I just noticed the sentence below in the new knowledgebase (was probably always there) regarding how to number X?TERM## attributes if needing more than 99 pins.
"If more than 99 terminals are present on a single symbol, the "n" value can continue with double alpha letters/numbers such as "A0," "A1," "AZ," "B0" and so on."
Not having seen or heard that before, i have some IED's with pins that number into the 120's. So far that has not been a problem, but I wanted to make sure there was no real restriction on doing it the way suggested. Going to three digits seems much more logical to me than switching to analphanumeric system.
Solved! Go to Solution.
Solved by jalger. Go to Solution.
Hi Drathak,
Its been there awhile.
The issue you will come across (depending on the version of the product) is during an export to spreadsheet.
It will only push up to pin 99, everything after that magically disappears.
Actually I think the databse just doesn't know what to do with the 3rd character.
The A0 - Z9 pins did not export a while ago, I haven't tried in 2015 to see if that works.
Other then the export issue, everything else seems to work as intended. (I.e. it links to the Pin database, pins beyond 99 show in the editor, etc)
In all honesty they probably never thouight anyone would create a device what such a large number of pins.
Regards,
James
James is right! The software expects ertain data to be contained in a specific location. For example, the name of a symbol file must contain H or V as the first character, then two letters to define which Catalog Table it searches during Lookup, then number 1 or 2 to indicate parent or child. The numbering for Pins may fall into the same required syntax. It might see 120 as 12. Autodesk will have to comment if there is a problem or not with not using their 2-character alpha-numberic method. I have never gone above 99 wire connections on a symbol, so I don't know. Usually before I get to 99 I have split off a child. But like James said, the Export to Spreadsheet doesn't expect 100, 101, etc.
My advice would be to follow the directions from Autodesk.

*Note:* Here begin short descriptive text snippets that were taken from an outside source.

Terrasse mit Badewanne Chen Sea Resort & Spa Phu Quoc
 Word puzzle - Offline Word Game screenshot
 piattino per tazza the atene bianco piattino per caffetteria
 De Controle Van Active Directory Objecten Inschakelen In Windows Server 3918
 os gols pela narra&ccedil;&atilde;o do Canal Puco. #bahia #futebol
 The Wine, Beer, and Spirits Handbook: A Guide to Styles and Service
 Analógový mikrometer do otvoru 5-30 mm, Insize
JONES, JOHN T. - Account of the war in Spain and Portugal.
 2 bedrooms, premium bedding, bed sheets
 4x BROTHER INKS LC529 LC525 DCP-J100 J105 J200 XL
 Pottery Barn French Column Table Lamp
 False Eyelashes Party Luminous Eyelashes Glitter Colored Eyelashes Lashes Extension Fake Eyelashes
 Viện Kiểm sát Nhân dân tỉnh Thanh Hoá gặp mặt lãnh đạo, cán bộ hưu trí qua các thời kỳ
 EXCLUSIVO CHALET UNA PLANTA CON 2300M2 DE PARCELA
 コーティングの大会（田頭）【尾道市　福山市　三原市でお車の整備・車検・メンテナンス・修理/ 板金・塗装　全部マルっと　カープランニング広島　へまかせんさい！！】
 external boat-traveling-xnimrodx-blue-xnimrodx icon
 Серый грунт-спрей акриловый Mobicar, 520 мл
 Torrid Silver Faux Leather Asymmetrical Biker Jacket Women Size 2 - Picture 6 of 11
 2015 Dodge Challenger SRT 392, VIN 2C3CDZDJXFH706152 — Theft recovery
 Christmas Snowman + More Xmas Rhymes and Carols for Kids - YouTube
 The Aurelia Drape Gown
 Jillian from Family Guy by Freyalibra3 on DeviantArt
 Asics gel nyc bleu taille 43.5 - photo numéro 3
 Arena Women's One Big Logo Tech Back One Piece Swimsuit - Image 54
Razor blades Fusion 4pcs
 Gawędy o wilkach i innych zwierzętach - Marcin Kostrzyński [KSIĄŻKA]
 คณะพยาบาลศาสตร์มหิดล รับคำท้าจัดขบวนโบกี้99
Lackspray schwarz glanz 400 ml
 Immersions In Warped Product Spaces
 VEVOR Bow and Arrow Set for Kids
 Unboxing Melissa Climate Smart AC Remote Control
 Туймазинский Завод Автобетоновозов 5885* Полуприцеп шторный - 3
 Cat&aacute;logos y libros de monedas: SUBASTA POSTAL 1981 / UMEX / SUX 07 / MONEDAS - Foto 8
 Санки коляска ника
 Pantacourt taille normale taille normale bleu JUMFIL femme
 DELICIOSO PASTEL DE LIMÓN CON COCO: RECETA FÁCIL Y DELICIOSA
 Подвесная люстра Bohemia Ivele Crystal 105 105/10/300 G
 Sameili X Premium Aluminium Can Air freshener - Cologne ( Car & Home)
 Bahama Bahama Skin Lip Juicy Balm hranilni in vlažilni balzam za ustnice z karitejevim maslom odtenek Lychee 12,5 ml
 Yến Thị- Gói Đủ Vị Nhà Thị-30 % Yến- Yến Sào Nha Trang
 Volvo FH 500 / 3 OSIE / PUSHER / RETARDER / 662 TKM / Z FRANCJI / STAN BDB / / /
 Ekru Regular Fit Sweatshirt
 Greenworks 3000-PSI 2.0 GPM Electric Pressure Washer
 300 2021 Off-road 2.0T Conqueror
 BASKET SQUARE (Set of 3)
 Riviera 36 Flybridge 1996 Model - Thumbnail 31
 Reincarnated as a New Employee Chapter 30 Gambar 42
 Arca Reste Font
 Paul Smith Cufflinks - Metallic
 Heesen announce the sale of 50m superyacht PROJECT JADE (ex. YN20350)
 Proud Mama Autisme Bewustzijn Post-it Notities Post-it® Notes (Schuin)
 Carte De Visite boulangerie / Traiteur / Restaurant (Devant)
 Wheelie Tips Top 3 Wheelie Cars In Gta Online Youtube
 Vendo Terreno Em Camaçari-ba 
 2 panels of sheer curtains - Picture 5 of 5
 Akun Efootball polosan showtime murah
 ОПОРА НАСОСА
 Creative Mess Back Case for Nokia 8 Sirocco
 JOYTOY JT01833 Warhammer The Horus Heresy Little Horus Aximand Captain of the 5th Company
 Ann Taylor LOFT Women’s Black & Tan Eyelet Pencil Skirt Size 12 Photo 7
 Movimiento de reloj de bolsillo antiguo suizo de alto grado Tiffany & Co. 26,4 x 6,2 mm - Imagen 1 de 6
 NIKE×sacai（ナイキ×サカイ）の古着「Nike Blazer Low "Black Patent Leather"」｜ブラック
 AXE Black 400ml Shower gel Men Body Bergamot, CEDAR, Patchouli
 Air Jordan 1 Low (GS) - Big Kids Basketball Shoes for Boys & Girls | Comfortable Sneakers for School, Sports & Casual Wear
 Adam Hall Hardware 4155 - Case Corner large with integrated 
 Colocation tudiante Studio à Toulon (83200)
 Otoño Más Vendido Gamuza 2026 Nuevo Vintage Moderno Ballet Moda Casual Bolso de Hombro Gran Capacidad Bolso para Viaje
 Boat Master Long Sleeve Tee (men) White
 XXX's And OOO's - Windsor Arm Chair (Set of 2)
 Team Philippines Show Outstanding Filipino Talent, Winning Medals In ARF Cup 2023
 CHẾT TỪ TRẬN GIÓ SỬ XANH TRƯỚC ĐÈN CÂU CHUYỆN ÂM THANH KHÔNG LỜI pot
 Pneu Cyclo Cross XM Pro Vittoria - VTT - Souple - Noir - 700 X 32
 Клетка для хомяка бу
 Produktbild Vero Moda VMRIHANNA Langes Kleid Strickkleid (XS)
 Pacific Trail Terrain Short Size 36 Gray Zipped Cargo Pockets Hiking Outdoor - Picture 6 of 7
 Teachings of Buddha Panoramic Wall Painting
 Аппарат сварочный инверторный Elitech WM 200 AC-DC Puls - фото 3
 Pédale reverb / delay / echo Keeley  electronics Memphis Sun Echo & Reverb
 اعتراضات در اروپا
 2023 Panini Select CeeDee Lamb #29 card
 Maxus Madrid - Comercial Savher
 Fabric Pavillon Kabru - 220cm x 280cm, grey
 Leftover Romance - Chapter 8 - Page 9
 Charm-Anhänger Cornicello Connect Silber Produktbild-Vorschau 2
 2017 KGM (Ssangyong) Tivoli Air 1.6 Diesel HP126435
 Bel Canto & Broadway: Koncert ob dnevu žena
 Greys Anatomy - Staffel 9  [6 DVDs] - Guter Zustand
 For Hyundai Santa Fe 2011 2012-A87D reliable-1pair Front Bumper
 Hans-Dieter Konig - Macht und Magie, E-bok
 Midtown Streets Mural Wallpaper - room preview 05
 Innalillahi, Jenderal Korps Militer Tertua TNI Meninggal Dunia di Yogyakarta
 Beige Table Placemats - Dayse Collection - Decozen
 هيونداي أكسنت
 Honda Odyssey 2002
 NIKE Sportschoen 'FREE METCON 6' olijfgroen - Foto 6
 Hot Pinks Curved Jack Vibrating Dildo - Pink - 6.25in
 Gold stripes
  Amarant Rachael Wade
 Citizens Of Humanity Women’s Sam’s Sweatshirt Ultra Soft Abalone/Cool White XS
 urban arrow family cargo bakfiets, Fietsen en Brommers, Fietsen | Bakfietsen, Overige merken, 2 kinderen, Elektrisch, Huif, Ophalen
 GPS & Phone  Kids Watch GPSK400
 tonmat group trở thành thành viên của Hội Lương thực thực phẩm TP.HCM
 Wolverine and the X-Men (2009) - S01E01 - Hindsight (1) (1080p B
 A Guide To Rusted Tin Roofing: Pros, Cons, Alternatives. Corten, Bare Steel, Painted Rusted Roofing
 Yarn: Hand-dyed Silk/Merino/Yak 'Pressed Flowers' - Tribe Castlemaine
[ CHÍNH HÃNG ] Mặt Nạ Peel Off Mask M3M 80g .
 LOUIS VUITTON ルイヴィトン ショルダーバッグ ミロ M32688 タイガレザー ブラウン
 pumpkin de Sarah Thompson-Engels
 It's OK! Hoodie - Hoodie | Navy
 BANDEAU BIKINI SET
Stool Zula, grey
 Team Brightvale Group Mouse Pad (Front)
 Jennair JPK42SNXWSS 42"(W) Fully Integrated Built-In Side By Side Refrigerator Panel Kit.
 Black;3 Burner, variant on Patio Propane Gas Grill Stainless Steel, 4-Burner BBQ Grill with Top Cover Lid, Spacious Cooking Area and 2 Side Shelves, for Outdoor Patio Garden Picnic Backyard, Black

Thanks for all the feedback. I should have been more clear, I have no schematic symbols with more than a handful of pins. The high number of pins are on the wiring symbols. It is the TERM##, TERMDESC## and WIRENO## attributes I was thinking of. My bad.
There doesn't appear to be such a restriction implied here, other than this statement in the KB;
"Each wire connection attribute definition is tied to a terminal attribute definition (TERMxx) by the matching two digit suffix on each attribute tag pair."
So far I have had no errors wirth doing this. Just checked and being on the wiring diagrams, there is nothing that gets exported that these numbers seem to affect. So I think I'm good. Here is one of the blocks, just as an example of what I've done.
Yeah if your not exporting I don't think you will have an issue.
I helped several clients develope Circuit board Pinouts with 150 terminals. (they were exporting to manage the Pins in excel)
Aside from the Exporting issue the circuit board worked perfectly.
let us know if you encounter anything.